» **WHAT IS NEEDED**: Excluding pictures, transcribe precisely the lines from the one containing "Wood table top and blur vintage ceramic tile pattern wall Wood" to the final line of the listing below, inclusive, and nothing more.

[[ PROVIDED INFORMATION, beginning ]]

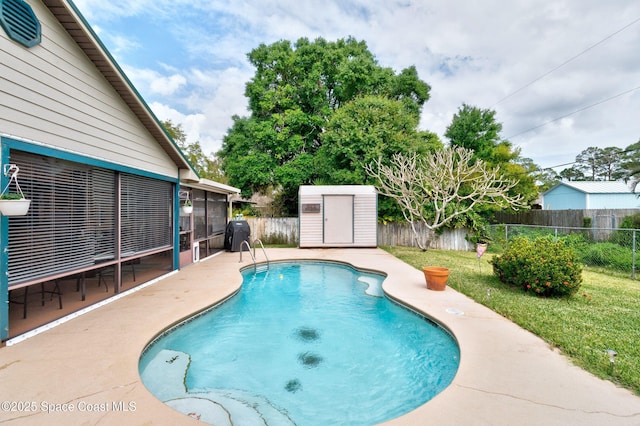 view of swimming pool featuring an outbuilding, a fenced backyard, a lawn, and a shed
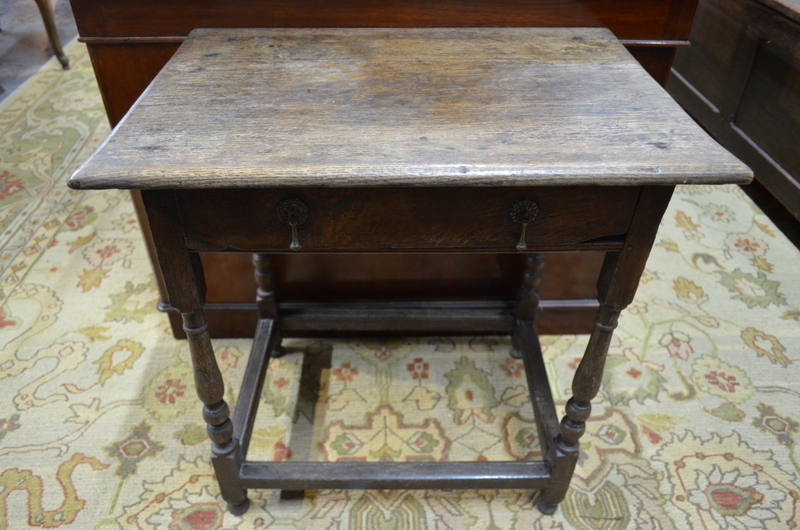 A 17th century oak side table with frieze drawer,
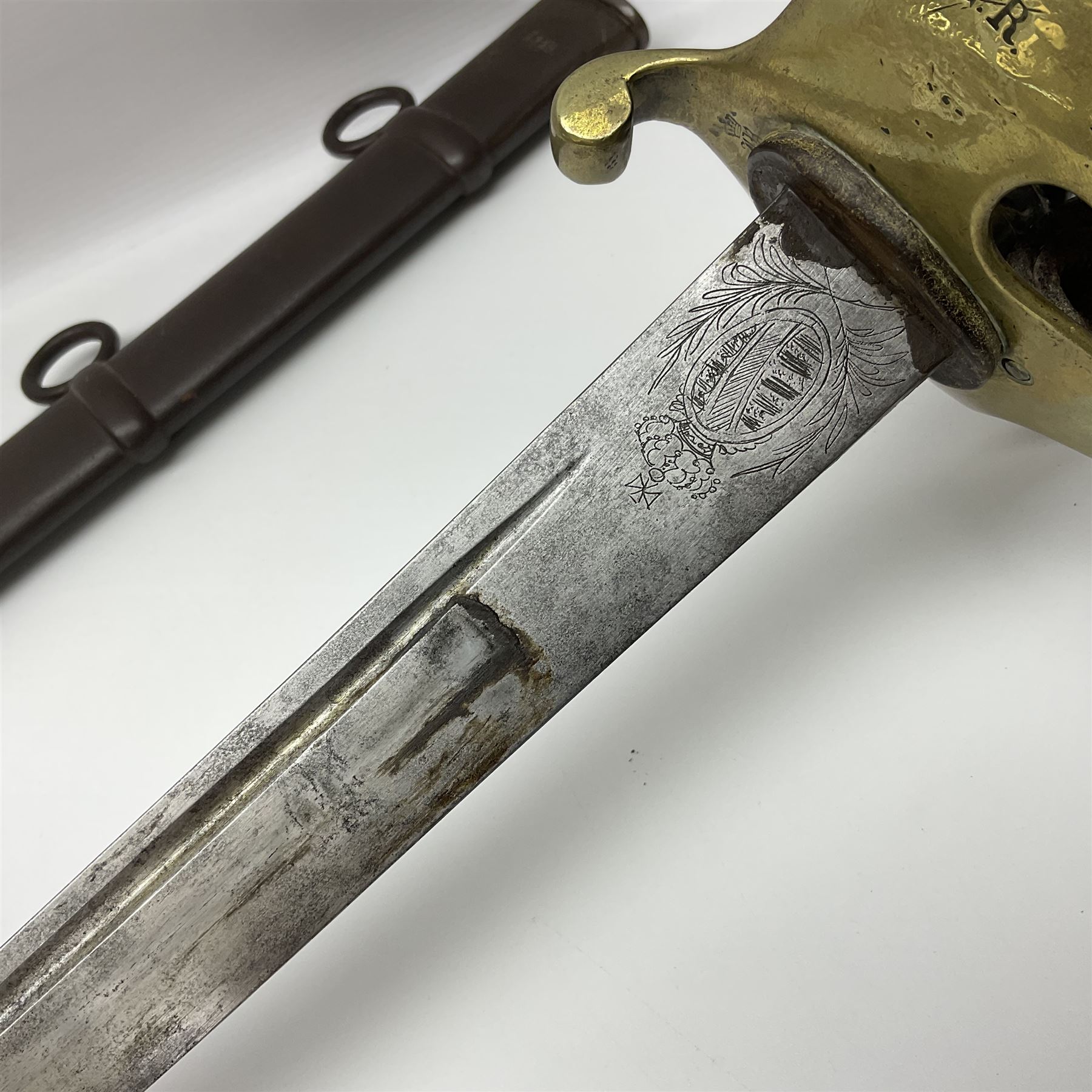 19th Century German (Saxony) Cavalry Sword, the 90.5cm single edge curved steel blade with narrow fuller to the back edge at each side, engraved with a crowned AR monogram and coat of arms, stamped with crowned AR, the back edge engraved C.v Keller im Solingen 1862, the brass half basket hilt with three flat curved bars, applied badge missing, marked G.R. 4, with ribbed leather covered grip and leather finger strap; in steel scabbard with two fixed suspension rings to one side and stamped G.R. II 118; L109.5cm overall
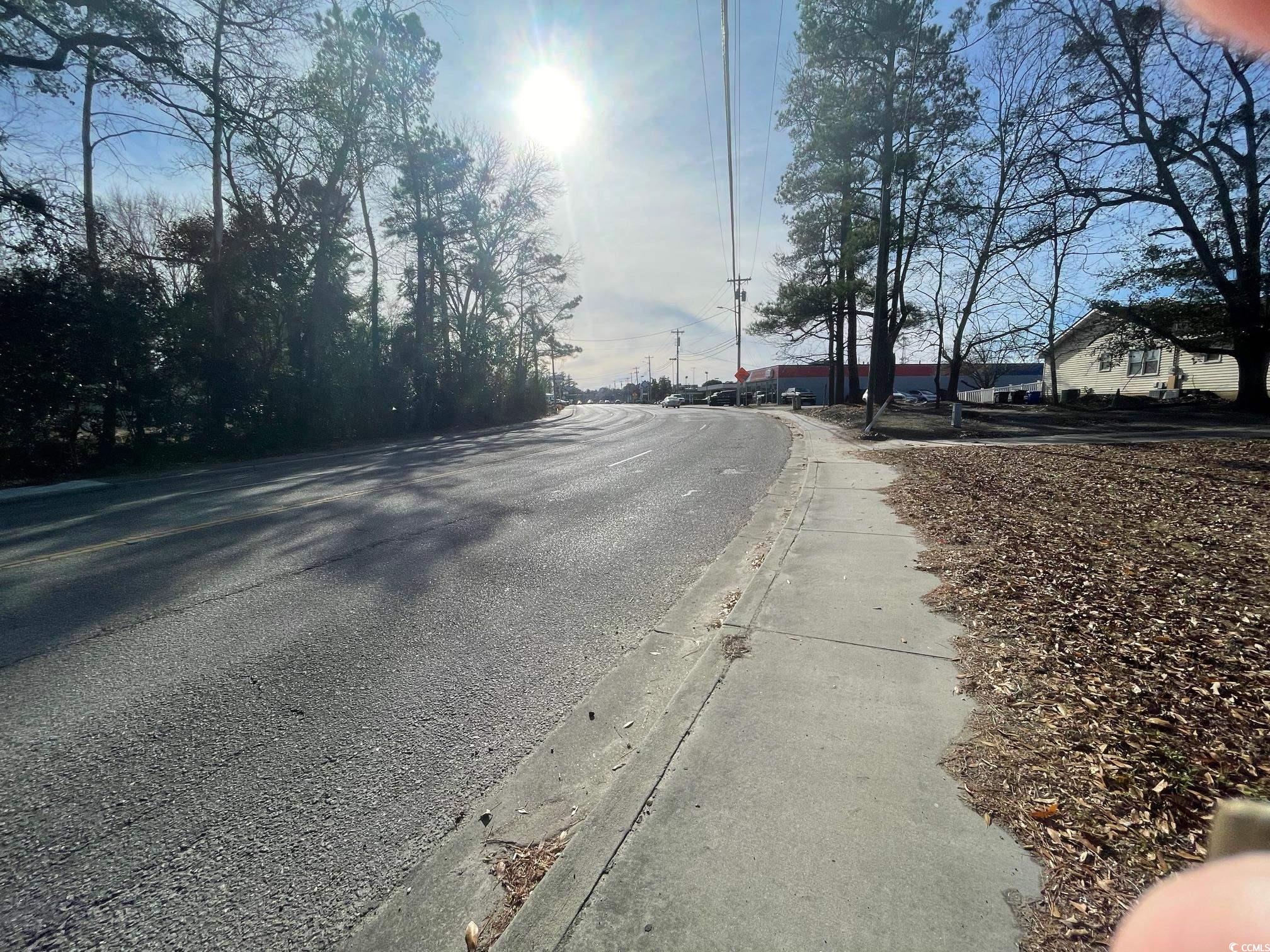 lot available on 16th ave between hwy 501 and elm street.. lot is approximately .74 acre. currently zoned residential but horry county zoning dept states may be rezoned to neighborhood commercial, located right beside the coastal shopping center.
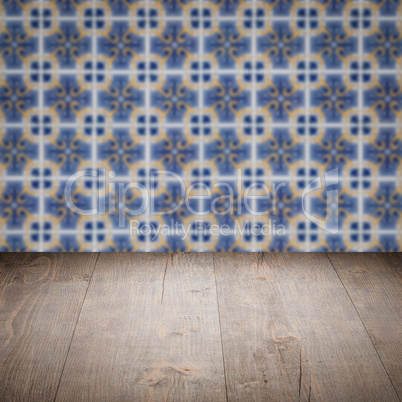 Wood table top and blur vintage ceramic tile pattern wall Wood table top and blur vintage ceramic tile pattern wall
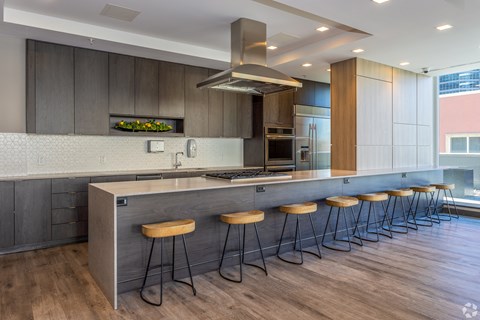 A modern kitchen with a long island and stools.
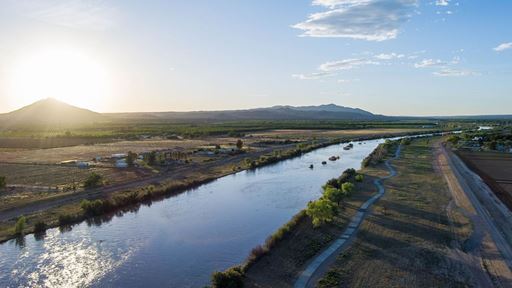 Photo of Picacho Mountain seen from above the Rio Grande river at sunset NMSU photo by Josh Bachman
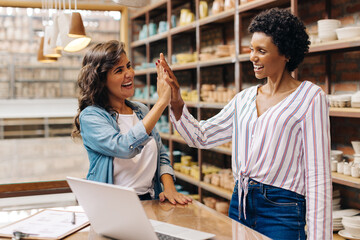 Successful female ceramists high fiving each other in their shop. Women owning a small business in...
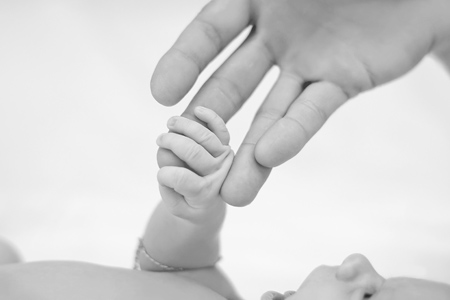 Newborn baby with mother's hand. Black and white photo.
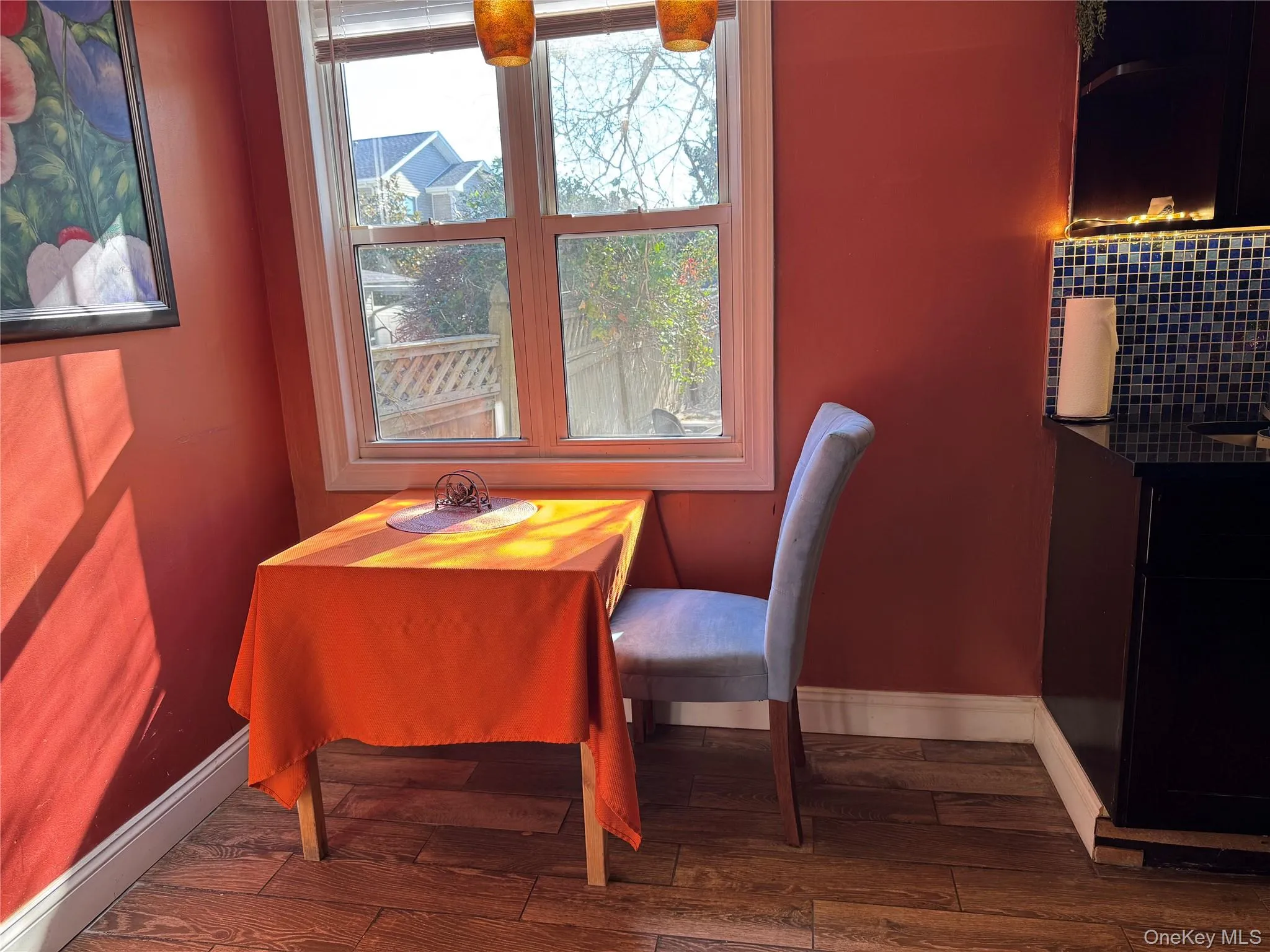Dining area with dark wood-type flooring Dining area with dark wood-type flooring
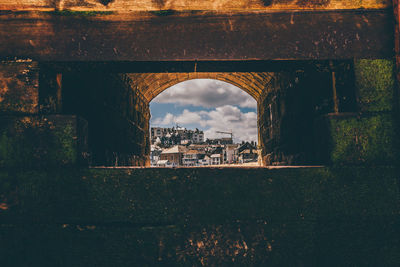 Building against sky in city seen through arch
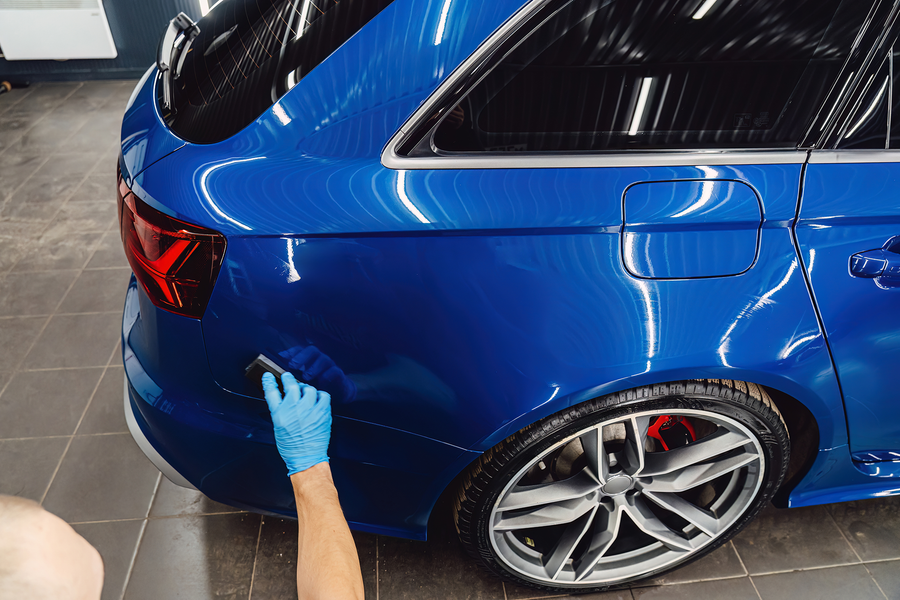 Gloved hand polishing a blue car’s rear quarter panel in a garage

[[ PROVIDED INFORMATION, end ]]

» **SOLVED EXERCISE**:
 Wood table top and blur vintage ceramic tile pattern wall Wood table top and blur vintage ceramic tile pattern wall
 A modern kitchen with a long island and stools.
 Photo of Picacho Mountain seen from above the Rio Grande river at sunset NMSU photo by Josh Bachman
 Successful female ceramists high fiving each other in their shop. Women owning a small business in...
 Newborn baby with mother's hand. Black and white photo.
Dining area with dark wood-type flooring Dining area with dark wood-type flooring
 Building against sky in city seen through arch
 Gloved hand polishing a blue car’s rear quarter panel in a garage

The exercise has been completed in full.